Any day now, the Kansas Supreme Court could hand the Kansas Legislature, just recovering from its harrowing 2017 session, a $600 million headache. And that’s just the two-year down payment on support of public education.
The court’s ruling in Gannon vs. Kansas could carry a lighter financial kick, but $600 million is the two-year increase in school spending that the plaintiff school districts contend would meet the Kansas Constitution’s requirement of “suitable” funding. The state’s lawyers contend that enough was done in the 2017 legislative session and that raising a penny more, much less $600 million, would be an unfair burden on everyone.
So how big a burden is $600 million? Clearly a staggering sum for most people or businesses, it’s half the amount ($1.2 billion) that the 2017 Legislature increased taxes when it overrode Gov.
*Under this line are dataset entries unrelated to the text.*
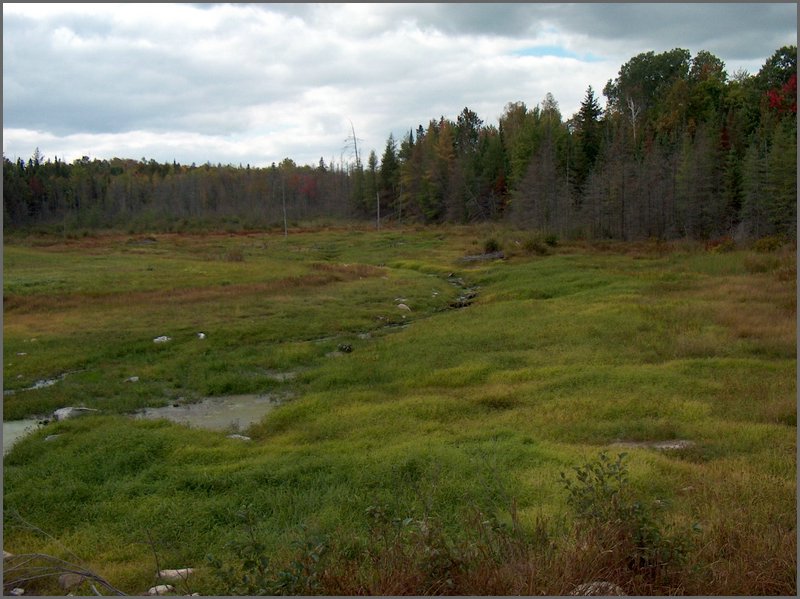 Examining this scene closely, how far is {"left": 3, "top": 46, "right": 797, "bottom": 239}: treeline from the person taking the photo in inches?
1937

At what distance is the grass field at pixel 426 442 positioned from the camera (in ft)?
17.2

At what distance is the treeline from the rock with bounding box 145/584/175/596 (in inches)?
1667

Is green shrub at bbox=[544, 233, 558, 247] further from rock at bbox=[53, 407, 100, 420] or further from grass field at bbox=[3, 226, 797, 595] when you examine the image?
rock at bbox=[53, 407, 100, 420]

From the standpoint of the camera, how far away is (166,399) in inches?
600

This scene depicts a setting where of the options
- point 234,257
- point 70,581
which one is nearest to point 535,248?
point 234,257

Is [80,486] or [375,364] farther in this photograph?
[375,364]

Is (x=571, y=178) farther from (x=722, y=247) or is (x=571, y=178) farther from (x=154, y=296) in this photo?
(x=154, y=296)

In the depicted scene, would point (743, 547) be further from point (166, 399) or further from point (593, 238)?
point (593, 238)

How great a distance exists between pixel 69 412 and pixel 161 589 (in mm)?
8807

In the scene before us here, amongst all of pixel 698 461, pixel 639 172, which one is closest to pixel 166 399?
pixel 698 461

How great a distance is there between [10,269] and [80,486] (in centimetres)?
3495

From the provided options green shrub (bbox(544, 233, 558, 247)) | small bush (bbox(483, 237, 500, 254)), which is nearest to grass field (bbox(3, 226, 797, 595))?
small bush (bbox(483, 237, 500, 254))

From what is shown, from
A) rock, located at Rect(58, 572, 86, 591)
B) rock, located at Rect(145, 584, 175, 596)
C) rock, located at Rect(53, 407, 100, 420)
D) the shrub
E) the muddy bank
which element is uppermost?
the shrub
Sam Brownback’s veto and restored his 2014 tax cuts that had blown a huge hole in the state’s finances, credit rating and national reputation.
If — and it’s a major if — the court rules that the schools must get the entire amount, or it settles on $300 million or $150 million, or $1, the decision will reignite a series of prototypical Kansas debates about the balance of legislative versus judicial authority, the alleged “waste and inefficiency” in “administration-heavy” school systems, the place and power of teachers’ unions, the assertion that “throwing money at schools” won’t help, and even the value and necessity of public education itself.
We’ve been there too many times in almost five decades that litigation on school funding has been going on, and it’s time to move beyond those tired, unresolvable, delaying disputes.
But moving beyond argument to resolution is difficult for everyone, including the justices and legislators.
The justices recognize that levying taxes is the exclusive province of the legislative branch and are reluctant to usurp that authority, yet they have some obligation, having declared the existing amount unconstitutionally insufficient (which is within their duty), to suggest what amount might meet their test.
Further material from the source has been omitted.